Cerise sur le gâteau : le boom des cryptomonnaies
Dernier problème, et non des moindres, les amateurs de jeux vidéo ne sont plus les seuls à s’emparer des cartes graphiques, les acteurs des cryptomonnaies sont également à la recherche de cette denrée rare. Ces composants sont en effet particulièrement efficaces pour résoudre les complexes équations nécessaires au fonctionnement de certaines cryptomonnaies, principalement l’Ethereum. Pour résumer, en mettant les GPU au service du réseau, ceux qu’on appelle les « mineurs » se voient récompensés d’une commission pour chaque transaction traitée. Et comme les cours de ces monnaies se sont envolés ces derniers mois, les milliers d’euros investis en cartes graphiques sont rentabilisés en un clin d’œil.

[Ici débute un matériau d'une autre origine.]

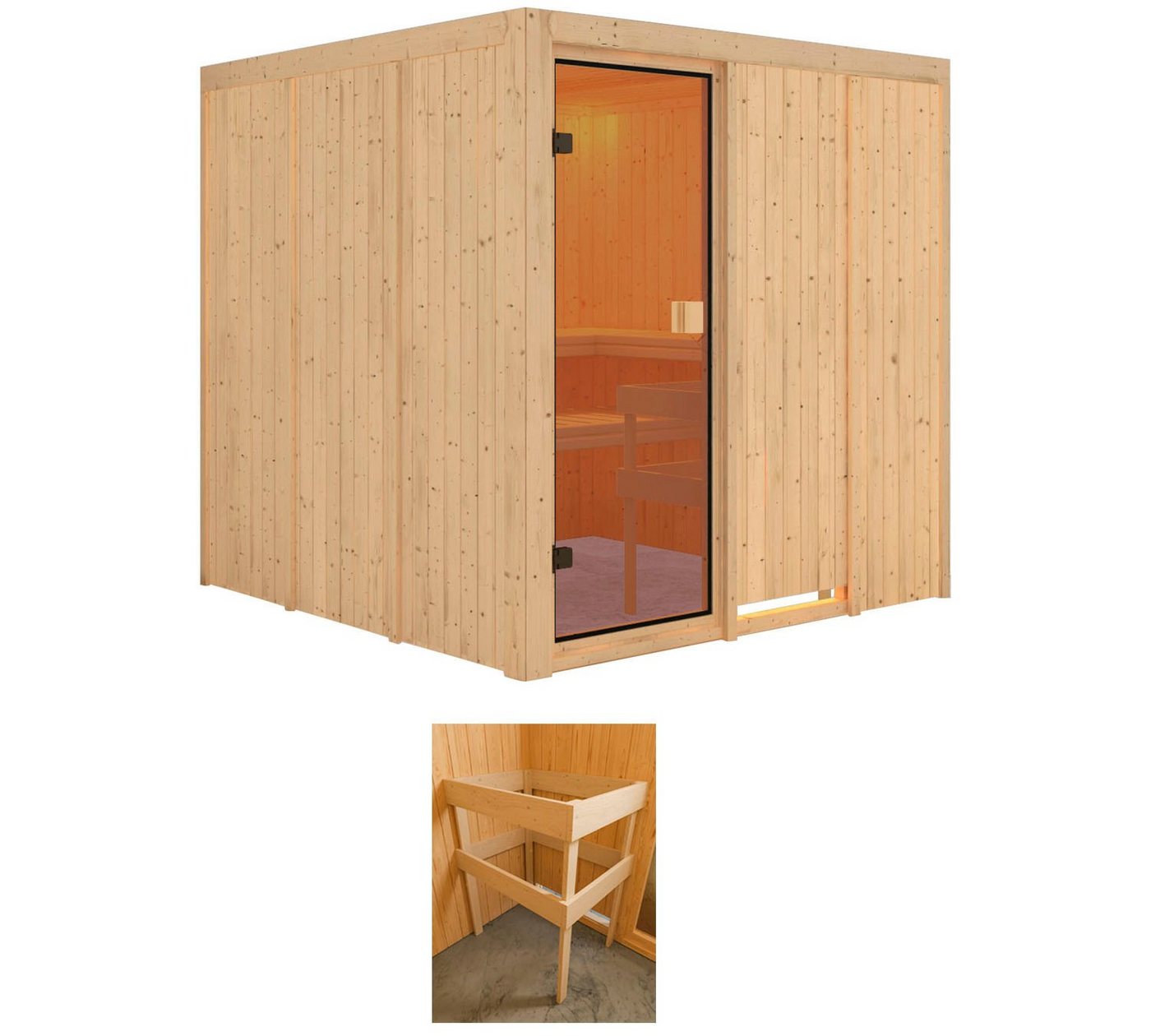 welltime Sauna Mars, BxTxH: 196 x 196 x 198 cm, 68 mm, ohne Ofen von Welltime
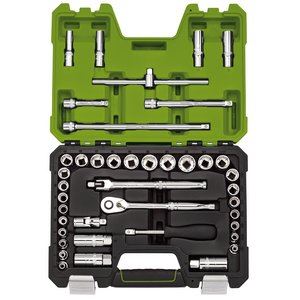 04464 Draper Expert Expert MM/AF Combined Socket Set, 3/8 Sq. Dr., Green (41 Piece) Polished Chrome Socket Sets Professional Trade DIY Workshop Gara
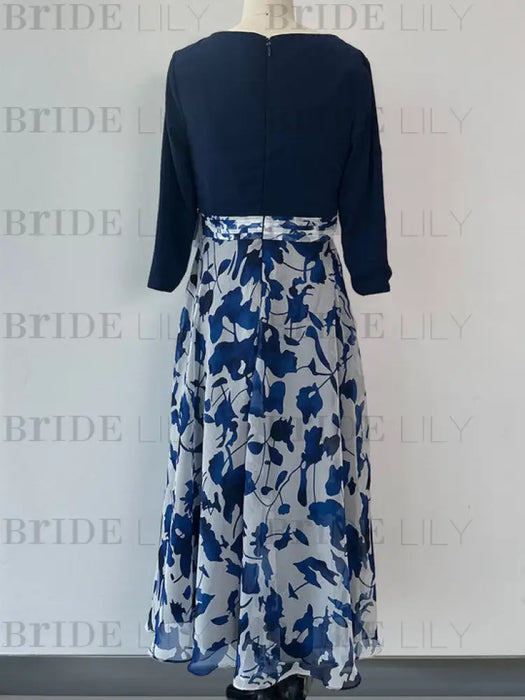 Princess A-Line V-Neck Floral Mother of the Bride Dress with 3/4 Sleeves and Ankle Length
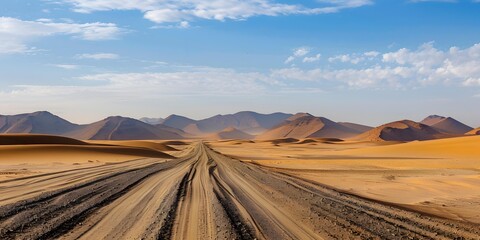 Sticker - Desert Road in Namibia with Blue Sky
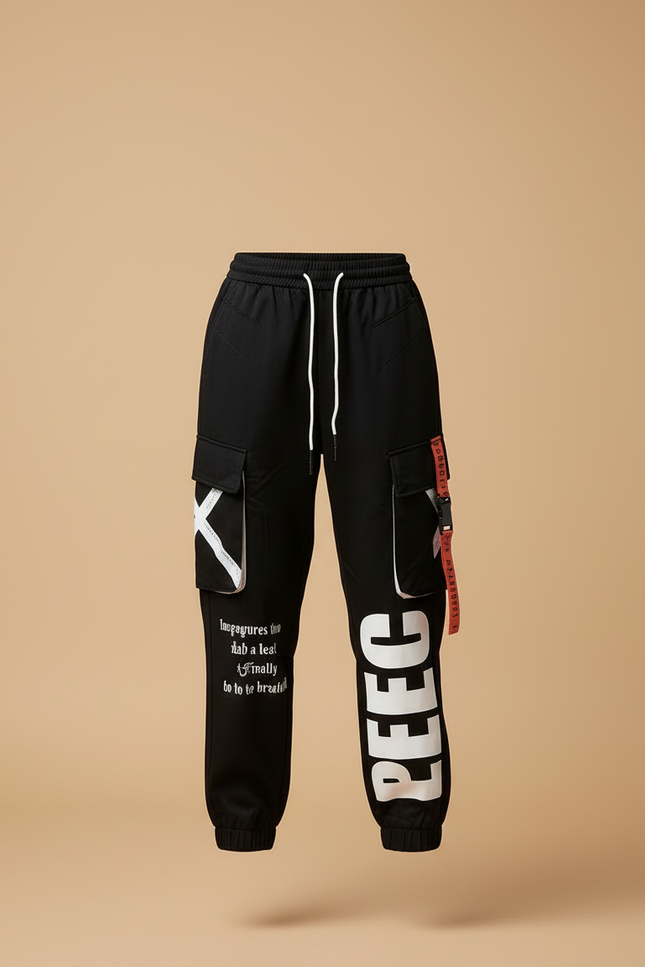 Pantalon Cargo Noir Ample Imprimé Streetwear Femme - Polyester - vue 3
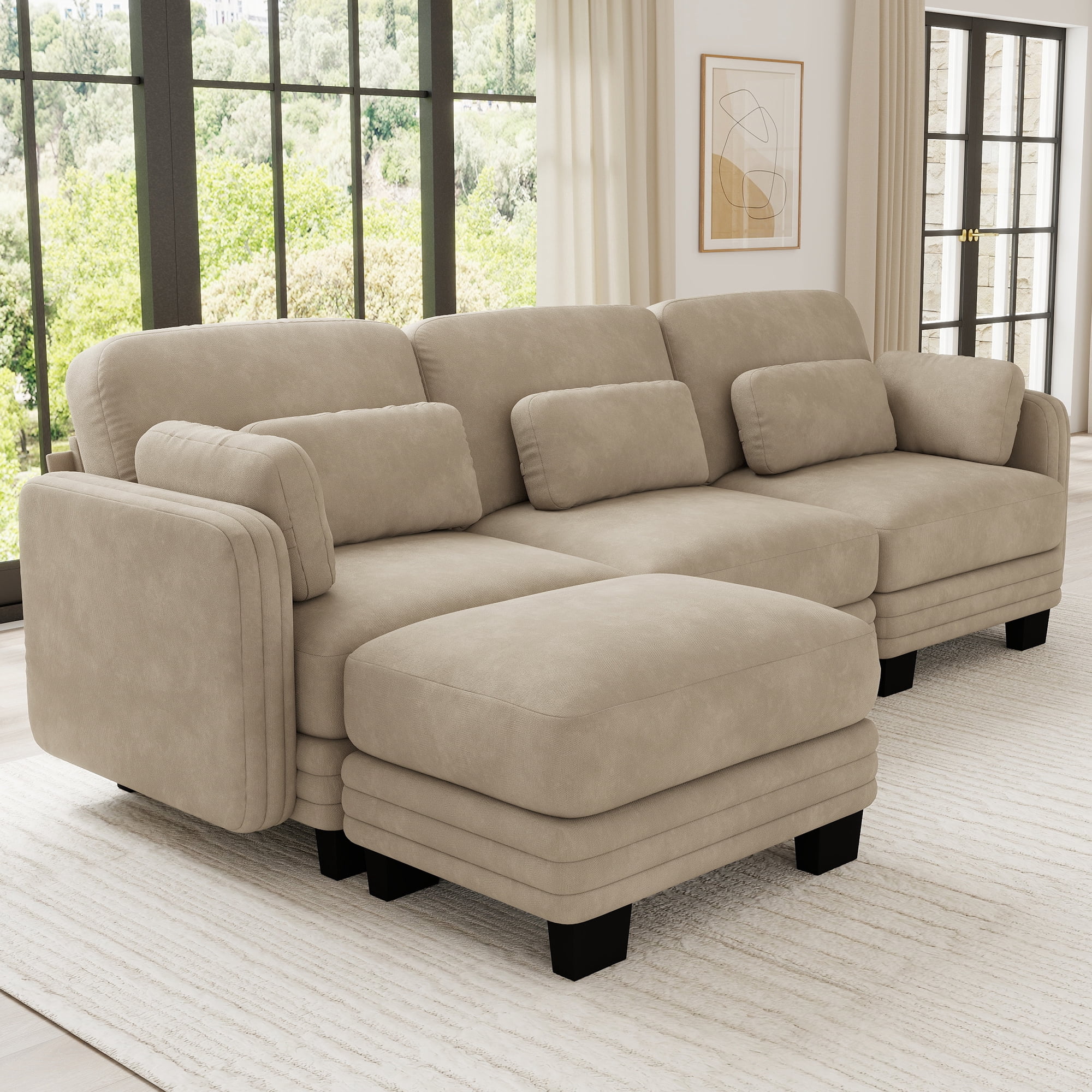 100" L Shape Modern Modular Sectional 3 Seater Sofa Couch with Movable Ottoman and 5 Pillows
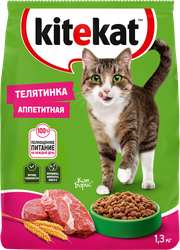 Изображение товара Корм сухой для кошек KITEKAT Телятинка аппетитная, 1,3кг
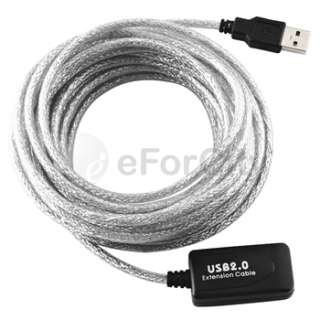 25ft USB 2.0 Active Repeater Extension Cable Lead A A Male Plug to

« Les constructeurs essayent de mettre des protections contre le minage, mais elles finissent toujours par être contournées, explique le vendeur « pour ne rien arranger, on a des cartes comme la RTX 3060 qui ont un rapport consommation/efficacité particulièrement attractif pour les « mineurs ». » De surcroît, ces acheteurs-là sont insatiables. Là où un joueur lambda se procurera une seule carte graphique avant de se retirer de la demande, le « mineur » tentera d’en acquérir autant qu’il pourra. Certaines « fermes » de minage en Chine sont ainsi composées de centaines de cartes graphiques alignées dans d’immenses hangars uniquement pour créer de la valeur sur les cryptomonnaies. « Les plus gros « mineurs » ne vont pas dans les magasins, ils achètent les cartes graphiques par palettes entières directement en Chine, fraîchement sorties d’usine », explique-t-il.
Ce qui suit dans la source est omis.